Exercise goal:
Your answer should be only the lines below from the one with "Disney Funko Bitty" to the one with "plan d'étage 3d", repeated exactly, ends included.

Given information:
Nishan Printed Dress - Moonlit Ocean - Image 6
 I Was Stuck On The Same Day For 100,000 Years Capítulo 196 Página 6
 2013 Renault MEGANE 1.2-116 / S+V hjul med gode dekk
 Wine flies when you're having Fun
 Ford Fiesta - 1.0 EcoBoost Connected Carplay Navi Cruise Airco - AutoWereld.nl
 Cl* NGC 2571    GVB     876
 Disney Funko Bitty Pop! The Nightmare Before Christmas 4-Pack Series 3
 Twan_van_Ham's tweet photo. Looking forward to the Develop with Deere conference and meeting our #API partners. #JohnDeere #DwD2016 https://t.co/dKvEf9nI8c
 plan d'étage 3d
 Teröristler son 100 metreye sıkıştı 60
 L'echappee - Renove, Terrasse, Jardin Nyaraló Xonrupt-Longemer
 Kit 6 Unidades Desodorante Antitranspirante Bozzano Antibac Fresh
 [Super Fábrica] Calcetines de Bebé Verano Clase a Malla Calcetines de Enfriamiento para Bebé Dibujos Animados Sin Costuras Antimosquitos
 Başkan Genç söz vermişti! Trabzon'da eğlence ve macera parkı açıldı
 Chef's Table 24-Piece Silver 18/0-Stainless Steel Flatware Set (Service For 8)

Response box:
 Disney Funko Bitty Pop! The Nightmare Before Christmas 4-Pack Series 3
 Twan_van_Ham's tweet photo. Looking forward to the Develop with Deere conference and meeting our #API partners. #JohnDeere #DwD2016 https://t.co/dKvEf9nI8c
 plan d'étage 3d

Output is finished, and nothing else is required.